YOUR INSTRUCTIONS: Could you please output all of the data exactly, without the images?

Saved entries:
____

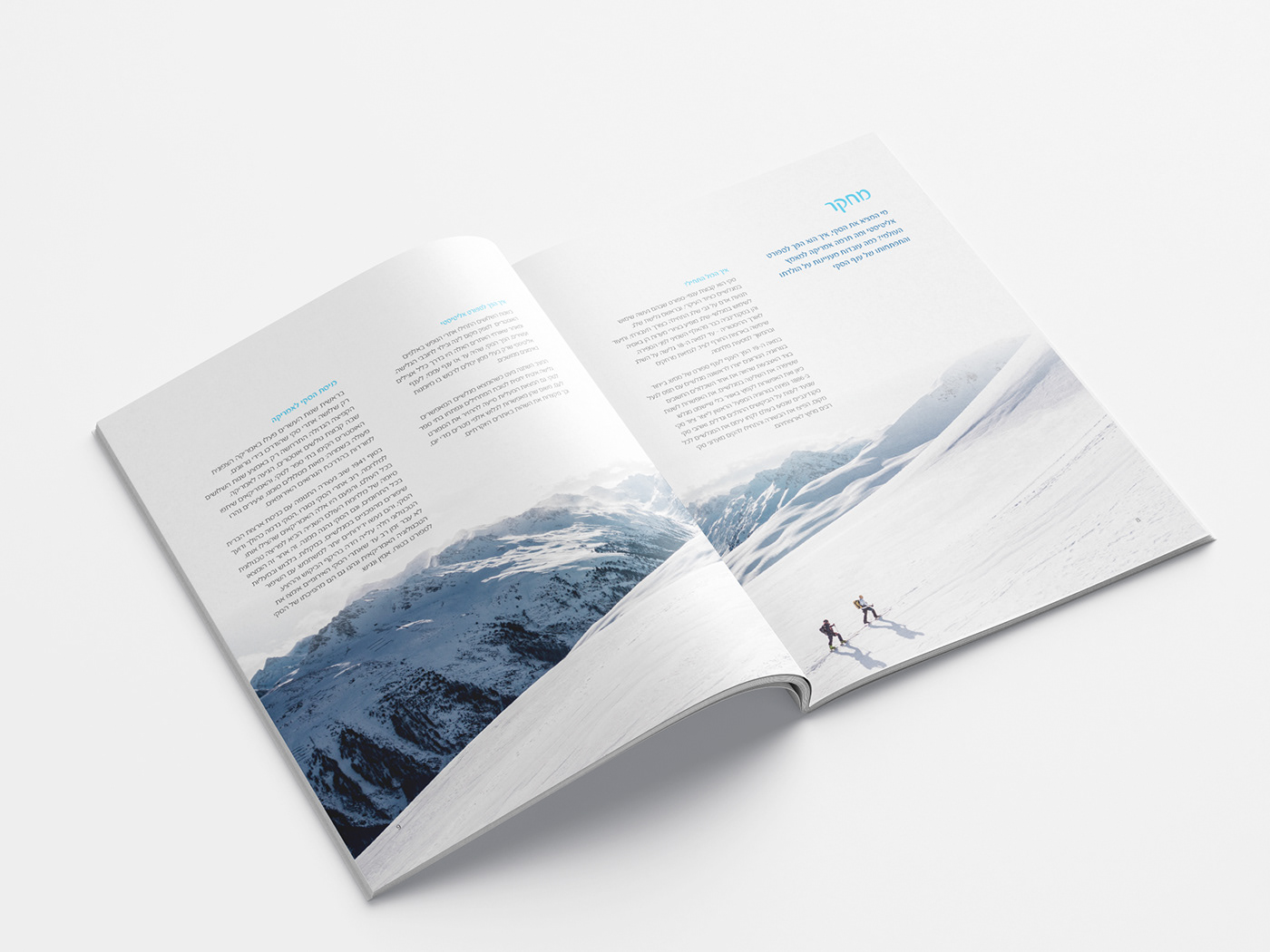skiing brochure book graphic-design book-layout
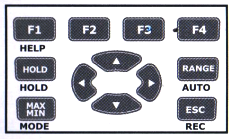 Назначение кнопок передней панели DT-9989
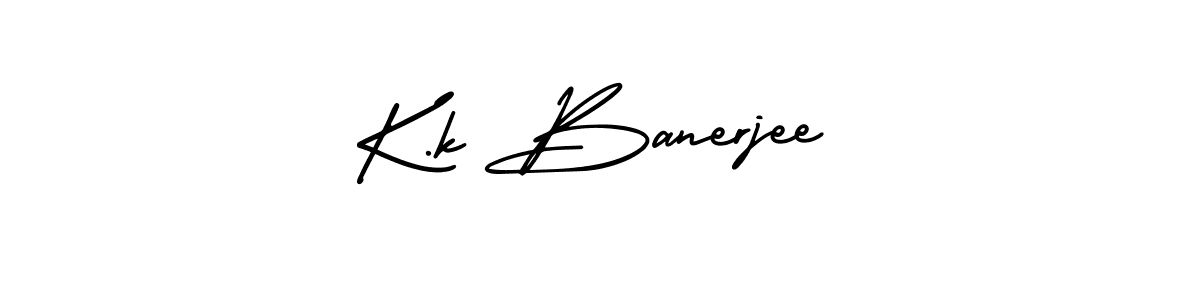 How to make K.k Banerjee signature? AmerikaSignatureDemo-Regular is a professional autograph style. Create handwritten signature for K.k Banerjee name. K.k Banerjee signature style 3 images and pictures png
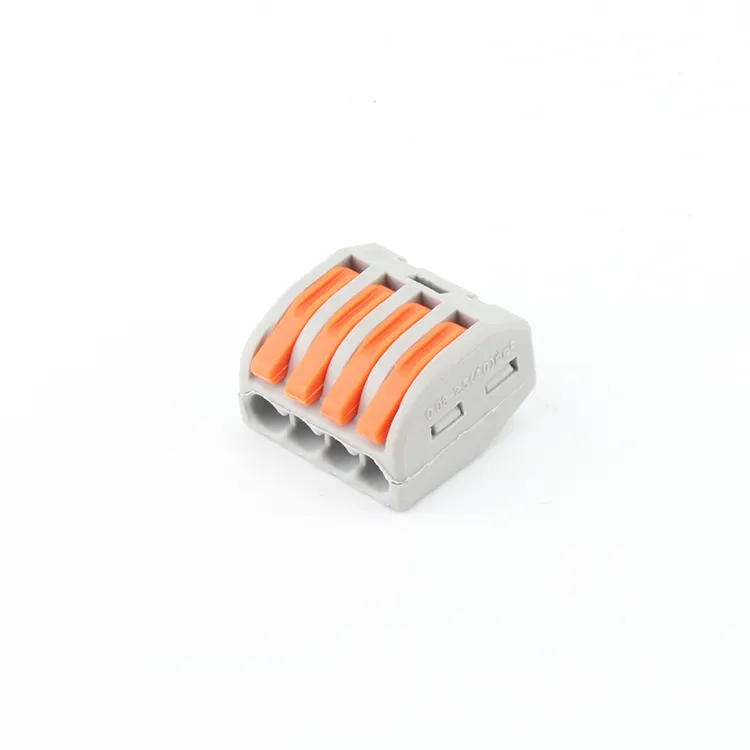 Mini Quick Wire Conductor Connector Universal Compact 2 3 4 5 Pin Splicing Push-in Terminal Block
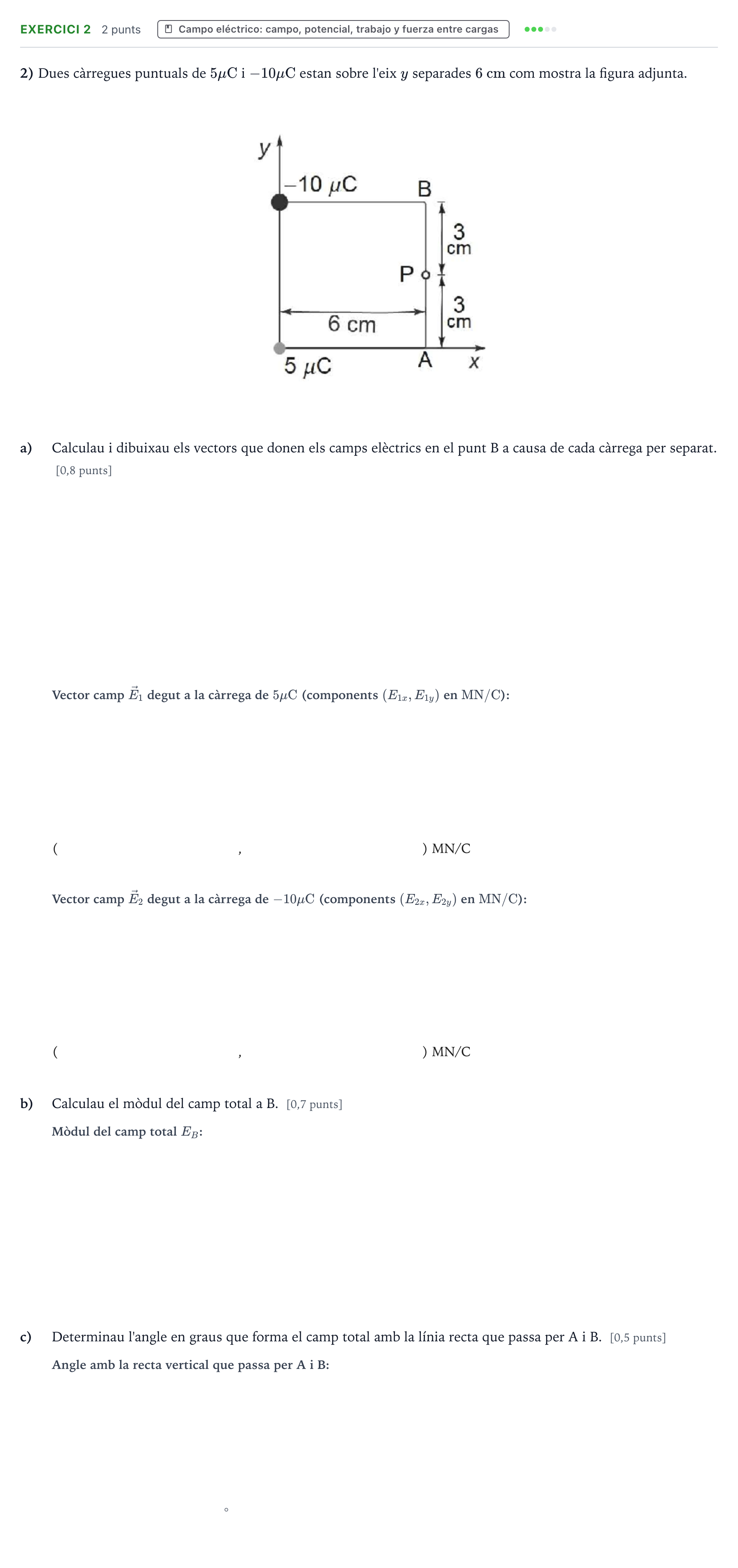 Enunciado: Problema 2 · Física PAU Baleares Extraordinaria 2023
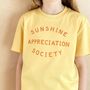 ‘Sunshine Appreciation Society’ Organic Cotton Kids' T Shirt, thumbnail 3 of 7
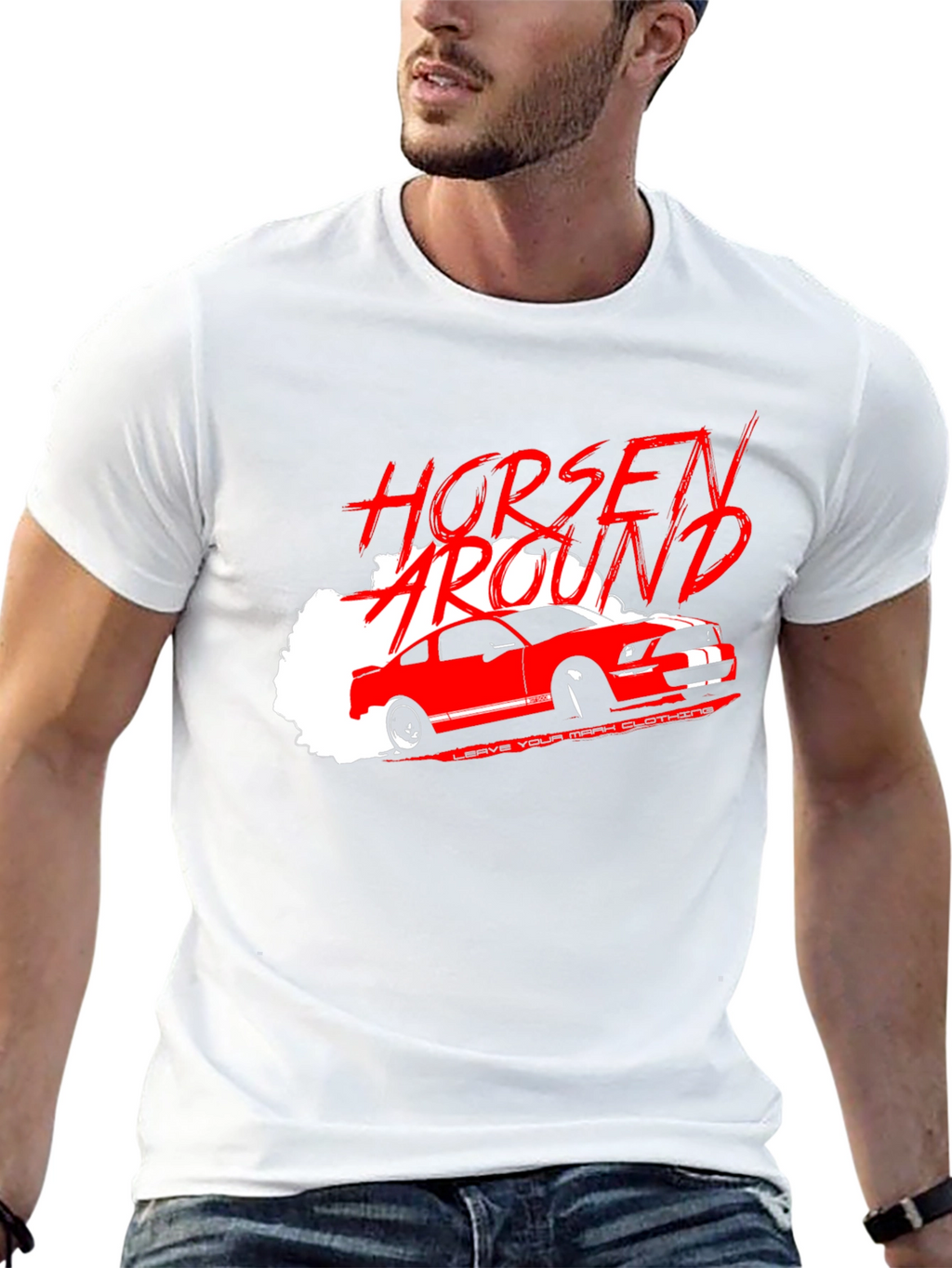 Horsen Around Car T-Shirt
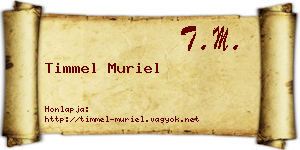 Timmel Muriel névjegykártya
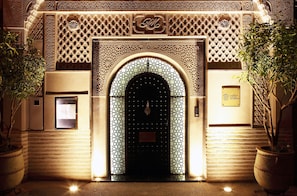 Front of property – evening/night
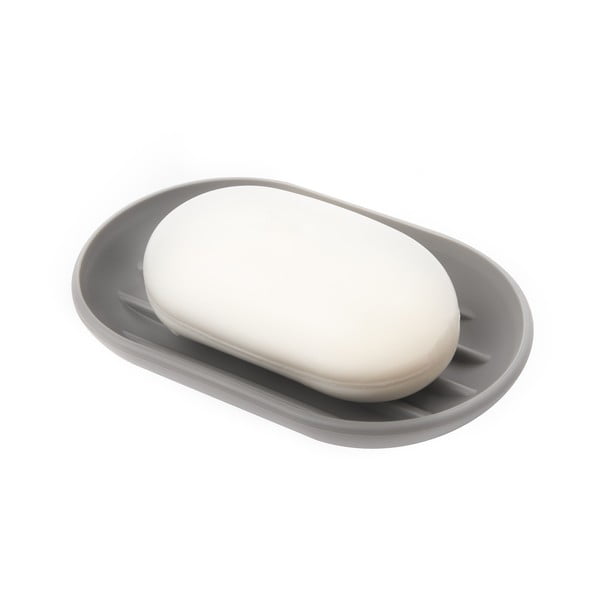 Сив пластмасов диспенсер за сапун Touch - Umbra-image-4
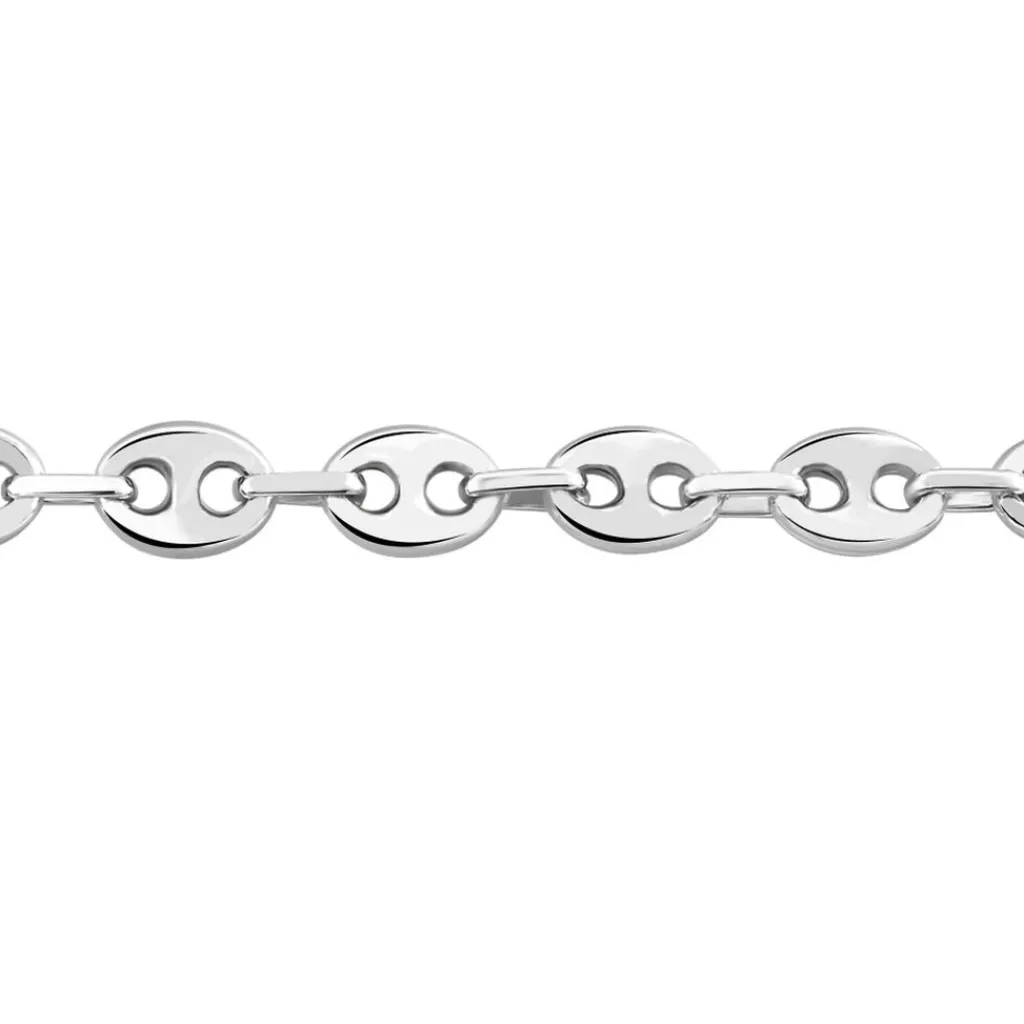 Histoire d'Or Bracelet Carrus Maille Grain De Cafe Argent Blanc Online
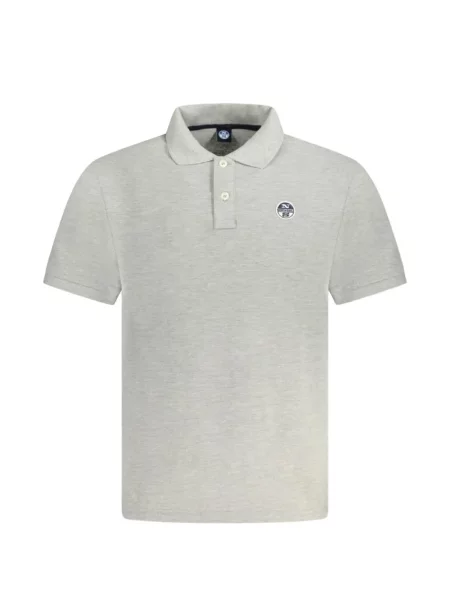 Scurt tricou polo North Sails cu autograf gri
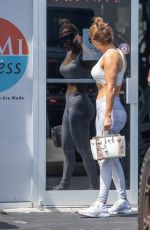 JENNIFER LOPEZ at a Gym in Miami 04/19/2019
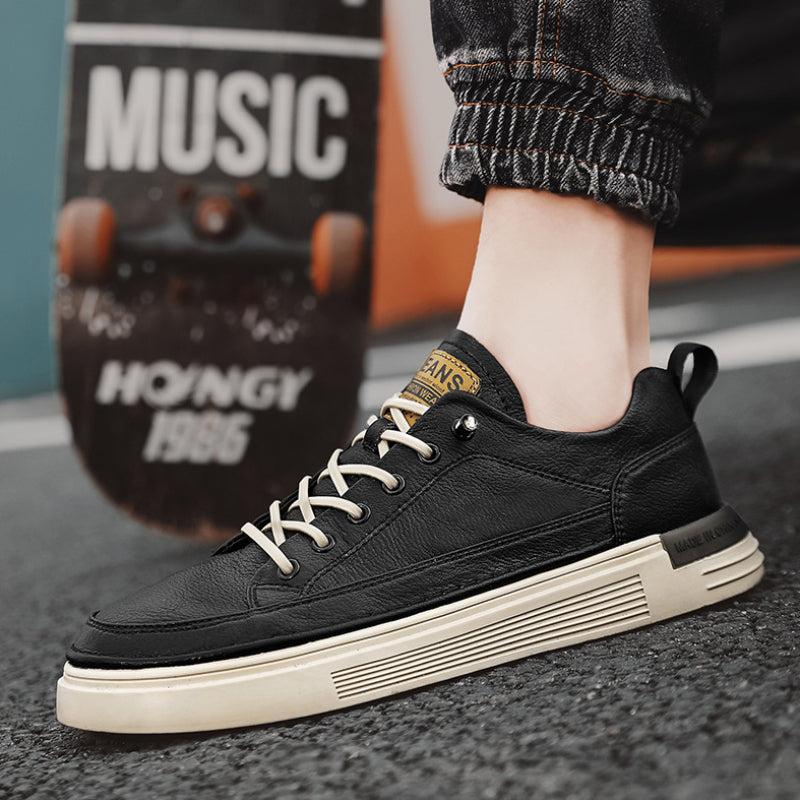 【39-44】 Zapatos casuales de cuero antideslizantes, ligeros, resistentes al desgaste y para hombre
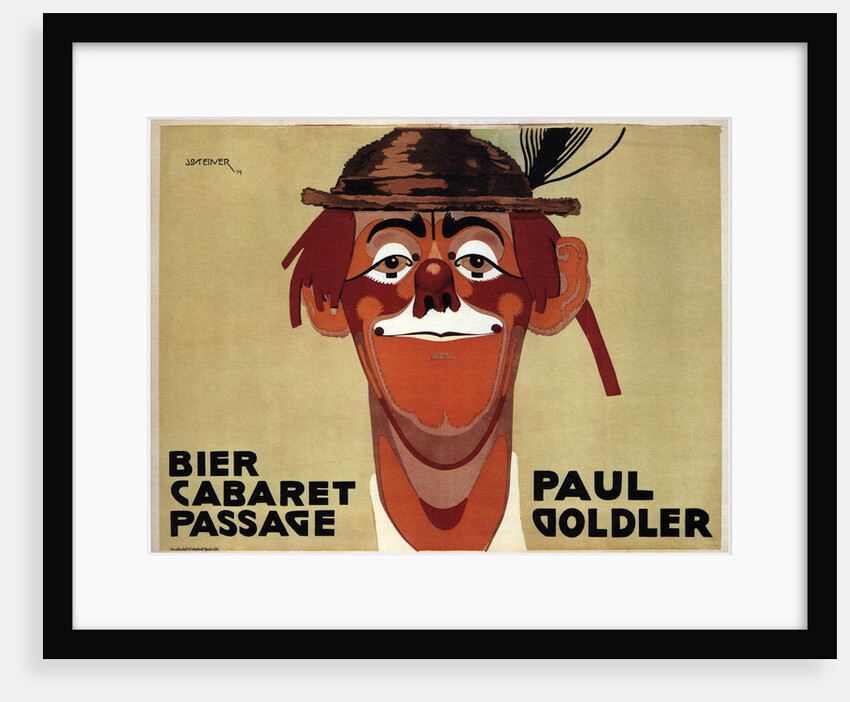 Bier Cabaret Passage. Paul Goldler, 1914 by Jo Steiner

____

OUTPUT OF THE EXERCISE:
skiing brochure book graphic-design book-layout
 Назначение кнопок передней панели DT-9989
 How to make K.k Banerjee signature? AmerikaSignatureDemo-Regular is a professional autograph style. Create handwritten signature for K.k Banerjee name. K.k Banerjee signature style 3 images and pictures png
 Mini Quick Wire Conductor Connector Universal Compact 2 3 4 5 Pin Splicing Push-in Terminal Block
 Enunciado: Problema 2 · Física PAU Baleares Extraordinaria 2023
 ‘Sunshine Appreciation Society’ Organic Cotton Kids' T Shirt, thumbnail 3 of 7
 Horsen Around Car T-Shirt
 Timmel Muriel névjegykártya
 Front of property – evening/night
 Сив пластмасов диспенсер за сапун Touch - Umbra-image-4
 Histoire d'Or Bracelet Carrus Maille Grain De Cafe Argent Blanc Online
 Scurt tricou polo North Sails cu autograf gri
 JENNIFER LOPEZ at a Gym in Miami 04/19/2019
 【39-44】 Zapatos casuales de cuero antideslizantes, ligeros, resistentes al desgaste y para hombre
 Bier Cabaret Passage. Paul Goldler, 1914 by Jo Steiner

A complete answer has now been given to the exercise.